# Kelly KHB 600A "REGEN Problem" help



## Felek (Jun 20, 2012)

Hellow, i have problem with regen funcion in my kelly KHB 600A, The regen act only when i put "Brake Switch", "release throttle regen" not work!!. PLEASE HELP ME, i tried connecting three identical controler KHB 600A and situation repeats itself.


----------



## onegreenev (May 18, 2012)

Felek said:


> Hellow, i have problem with regen funcion in my kelly KHB 600A, The regen act only when i put "Brake Switch", "release throttle regen" not work!!. PLEASE HELP ME, i tried connecting three identical controler KHB 600A and situation repeats itself.


For that you need to contact Kelly Controller. 

Be nice and explain your situation to them and see what the deal is.
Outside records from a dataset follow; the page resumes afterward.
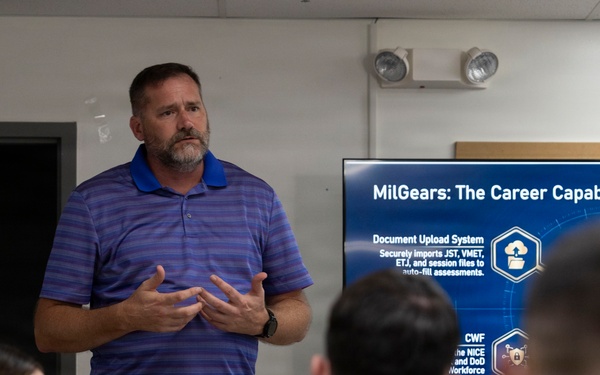 A civilian presenter is delivering a briefing on 'MilGears: The Career Capability Suite' to a group of military personnel in Navy uniforms. The presentation is displayed on a large screen behind him, highlighting features such as a Document Upload System and CWF framework. The setting appears to be a conference or training room on a military installation.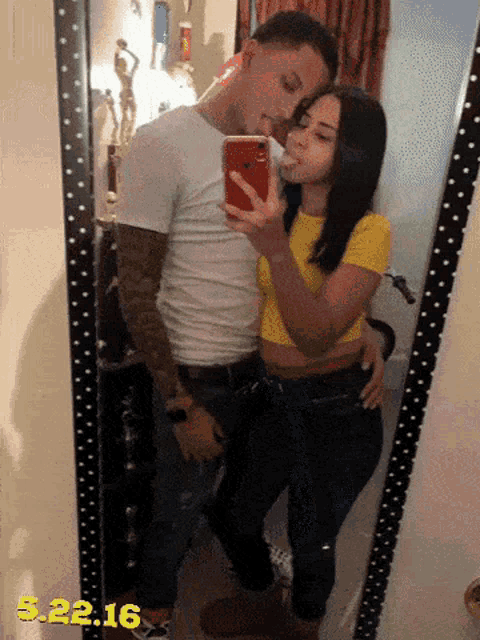 a man and woman taking a selfie in front of a mirror with the date 5.22.16 on the bottom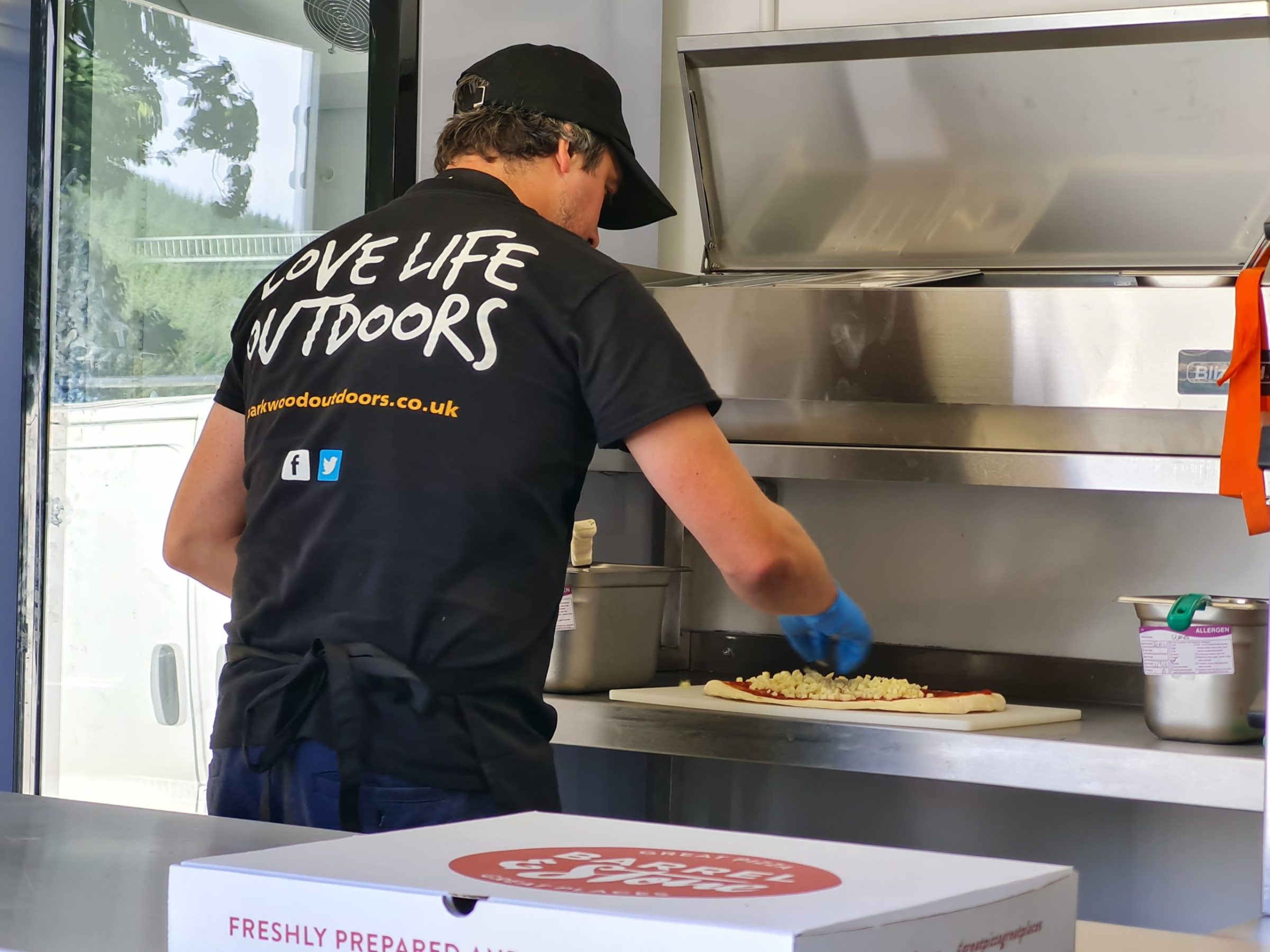 a man preparing food in a kitchen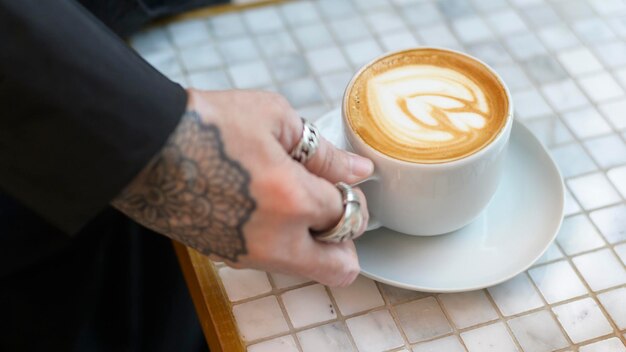 Hot cappuccino with latte art on table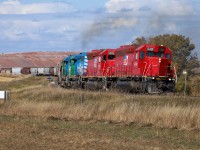 Big Sky Rail train 562 grinds upgrade towards Saskatoon, Saskatchewan at Mile 4 of CN's Rosetown Sub.  562 today had MGLX 5491, MGLX 5493, MGLX 3143, MGLX 6901.

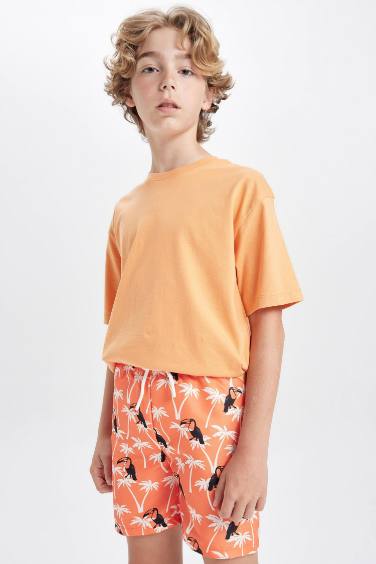 شورت بحر اولادي بطبعة نخيل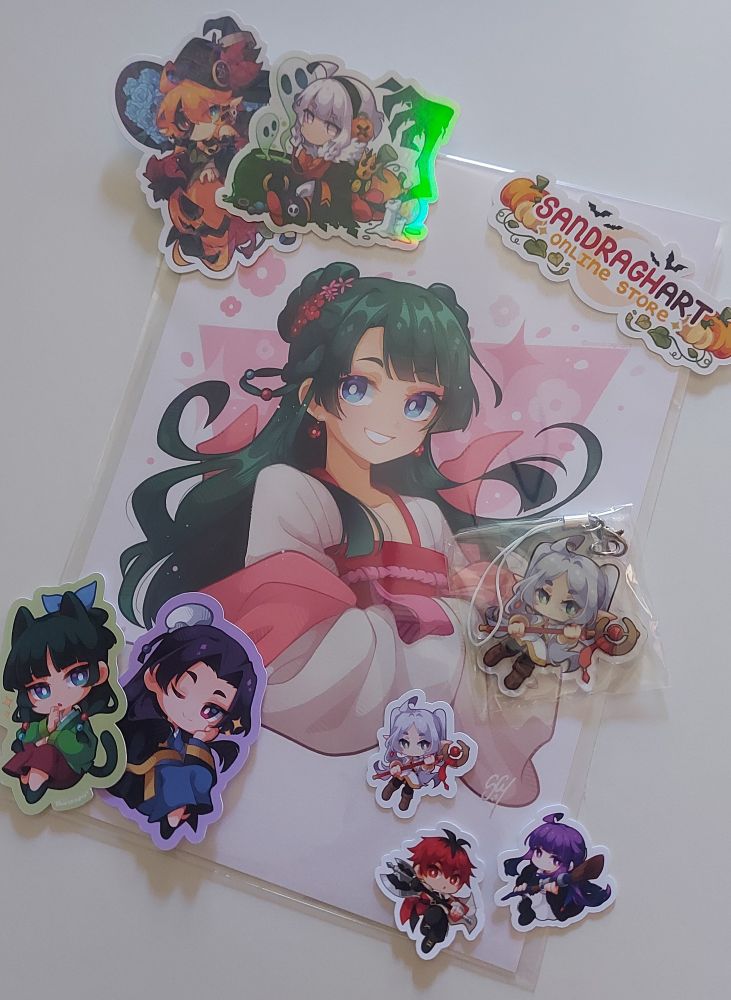 Una print de Maomao, un llavero de Frieren y varios stickers de la artista SandraGH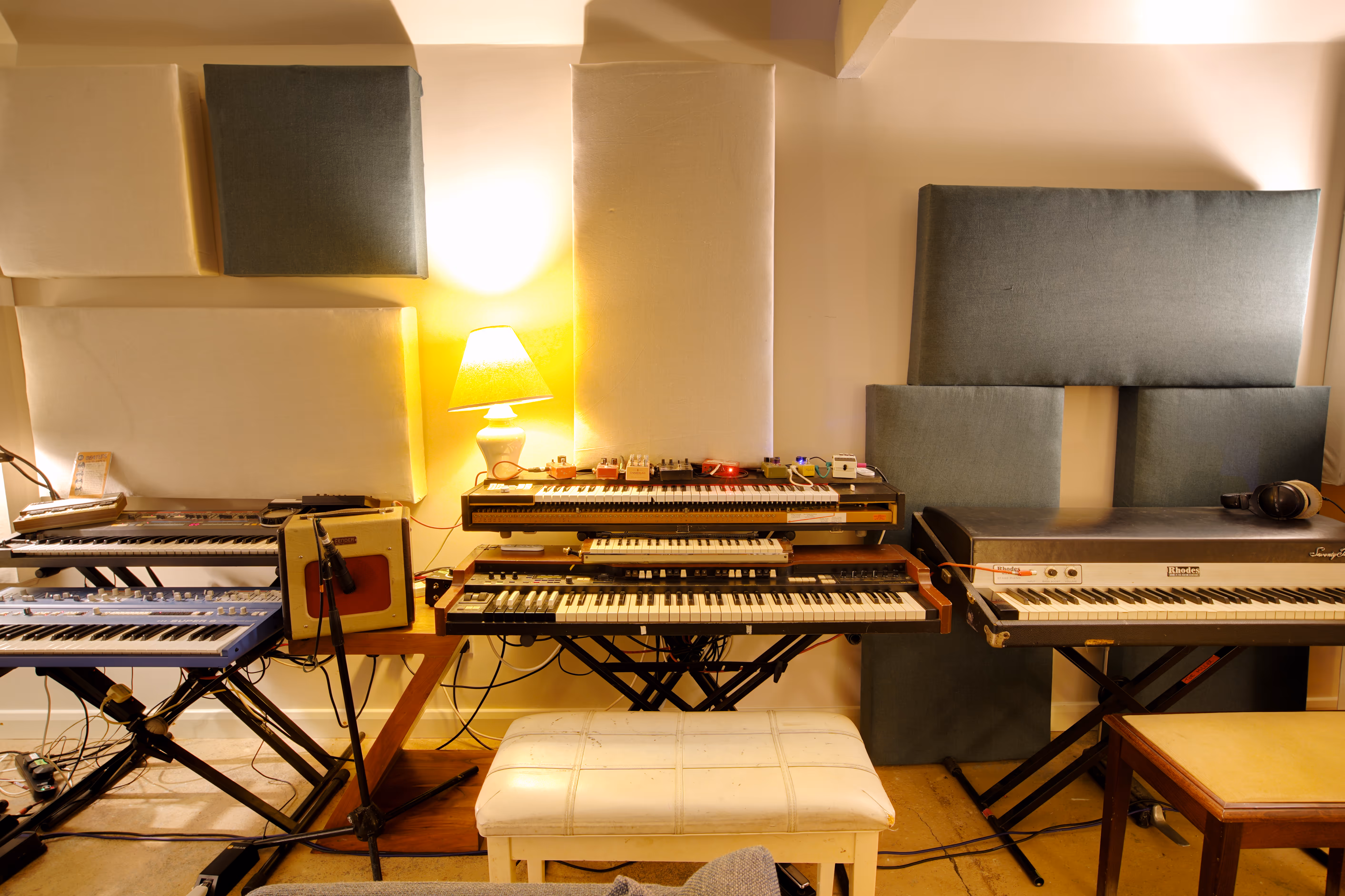 A row of vintage keyboards including a Rhodes and a Hammond.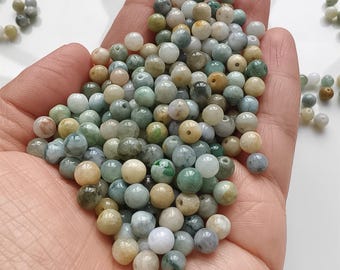 Puede incluir: Primer plano de una mano que sostiene numerosas cuentas redondas de varios colores, incluyendo verde, blanco y beige. Las cuentas parecen ser de piedra o un material similar. Las cuentas son pequeñas.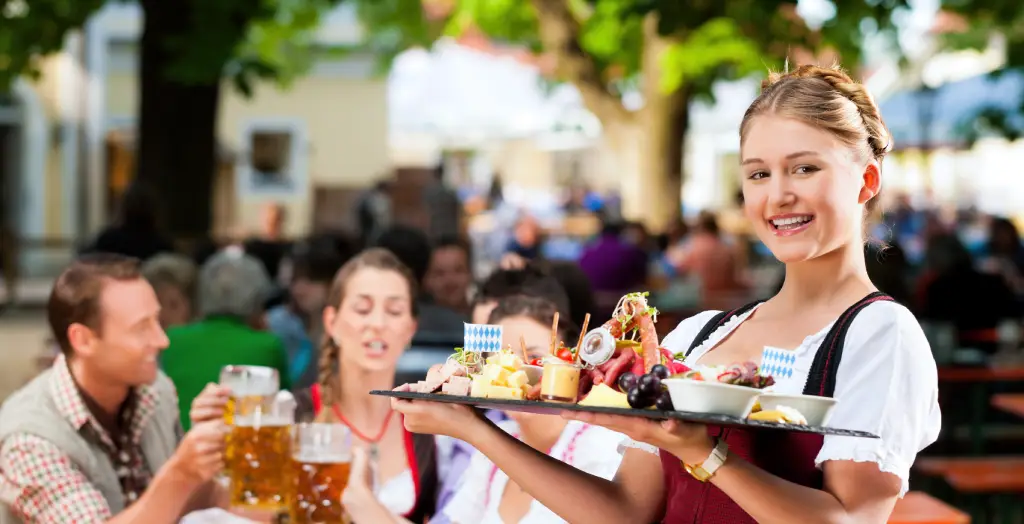 Kellnerin im bayerischen Dirndl serviert regionale Köstlichkeiten in einem Biergarten in Bayern, Deutschland
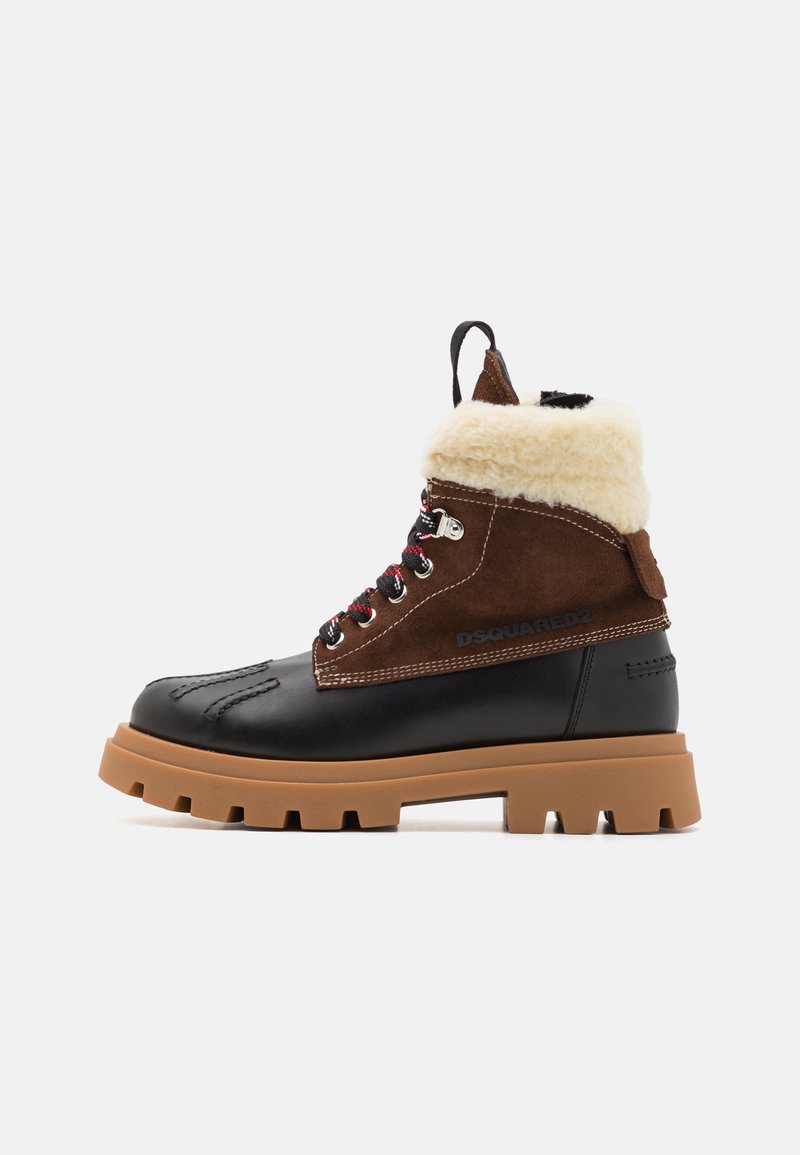 Brūni zamšveida un melni ādas potīšu zābaki ar krēmkrāsas pūkainu apkārtni, sarkaniem un melniem šņorēm, kā arī biezu brūnu gumijas zoli.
I too never could get the release throttle regen function to work but killed my Beta Project Controller before I could address the issue. I figured mine was just an isolated issue because it was a beta software in that controller. 

Just ask. Nicely. fany Victor <[email protected]>


----------



## somanywelps (Jan 25, 2012)

Maybe it's the zero point calibration?


----------



## Felek (Jun 20, 2012)

somanywelps said:


> Maybe it's the zero point calibration?



you mean throttle efective starting position or releasing throttle starts regen??


----------



## somanywelps (Jan 25, 2012)

Felek said:


> you mean throttle efective starting position or releasing throttle starts regen??


First one.


----------



## Felek (Jun 20, 2012)

somanywelps said:


> First one.


So, one procent incorrectly adjust, can be the reason? How can i check correct slider position?


----------